For 21 years — and counting — Charlotte’s Providence Country Club has joined forces with Hospice of Union County.

When Providence hosted Hospice of Union County’s Griffin Motor Company Golf Tournament in May, old friends gathered, memories were shared, and record funds were raised. The event contributed $167,000 to Hospice of Union County, the largest amount ever raised for the organization.

Inspired by his personal experience with hospice care, Providence member Rob Kreisher started the event in 1996. From year one, the tournament has been held at Providence and has raised $1.8 million for the organization overall.

“Hospice took care of some of my family members, and I was so impressed with what they did,” he says. “They not only helped patients who were dying, but they taught the family about the process.”

One of the reasons this tournament is successful is because members are committed to playing it.

“We sell out every year,” says Kreisher. “People fly in from all over the country and most everyone comes back year after year. This is a charity that the players want to support. Before we present the check to Hospice of Union County, everyone’s always asking me, ‘What’s the check going to be?’ They under- stand the impact of what they’ve done.”
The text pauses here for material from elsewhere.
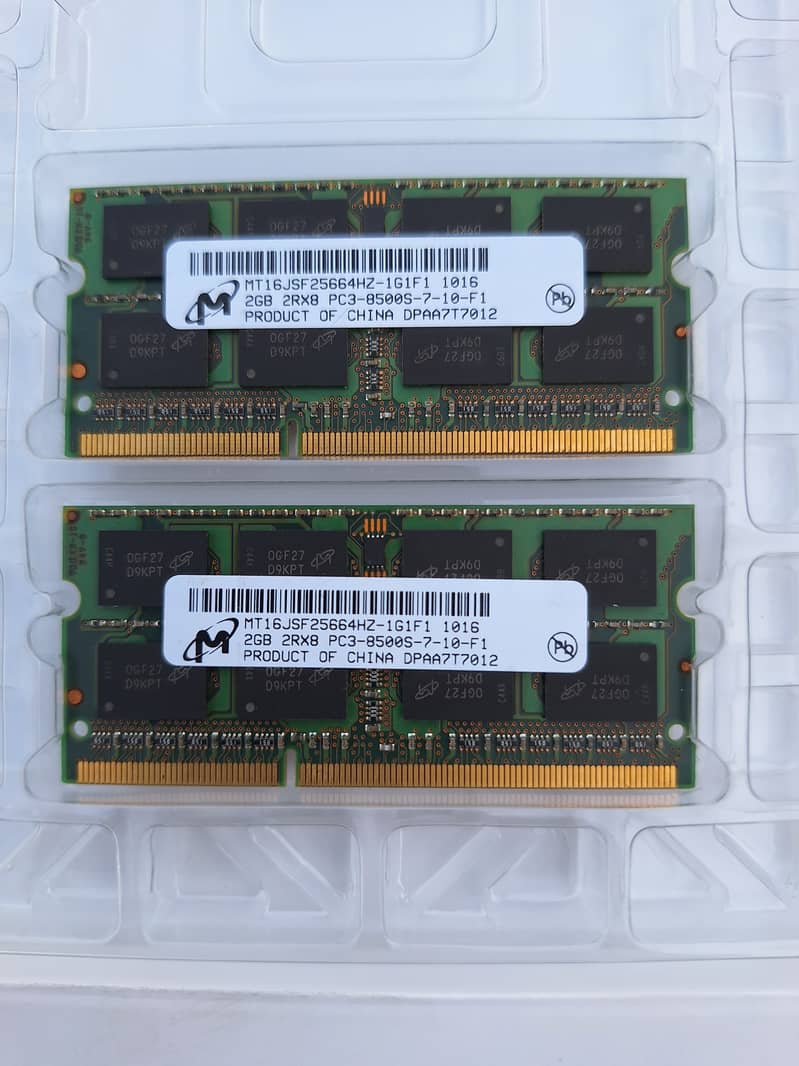 DDR3 Apple MacBook Pro Laptop RAM (2GB x 2) 0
This year’s event began with a barbecue lunch overlooking the 18th hole, where family and friends purchased in-memory signs to honor loved ones.

“It’s a nice way to pay respect,” says Susanna Trotter, corporate communications associate for Carolinas HealthCare System.
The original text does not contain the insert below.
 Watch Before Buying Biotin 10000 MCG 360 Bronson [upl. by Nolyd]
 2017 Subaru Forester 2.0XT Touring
Before the first tee-off, a bagpiper played two verses of “Amazing Grace,” followed by a balloon release on the back of the 18th green.
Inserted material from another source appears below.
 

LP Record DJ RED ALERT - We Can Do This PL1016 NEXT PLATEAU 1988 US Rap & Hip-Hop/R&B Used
After the round, a dinner reception and silent auction capped the day. Items for bid included a football signed by Carolina Panthers linebacker Luke Kuechly as well as Lilly Pulitzer and Tory Burch items.

But the tournament is more than just a round of golf and an evening with friends.

“Every year, families tell us how much they enjoy the day, and they’re so glad to be a part of it,” says Trotter. “Tears are shed as everyone reminisces. They appreciate all that is done to raise funds because hospice helped their loved ones at the end of their lives. They appreciate that this keeps happening, and they’re given the chance to honor those special memories.”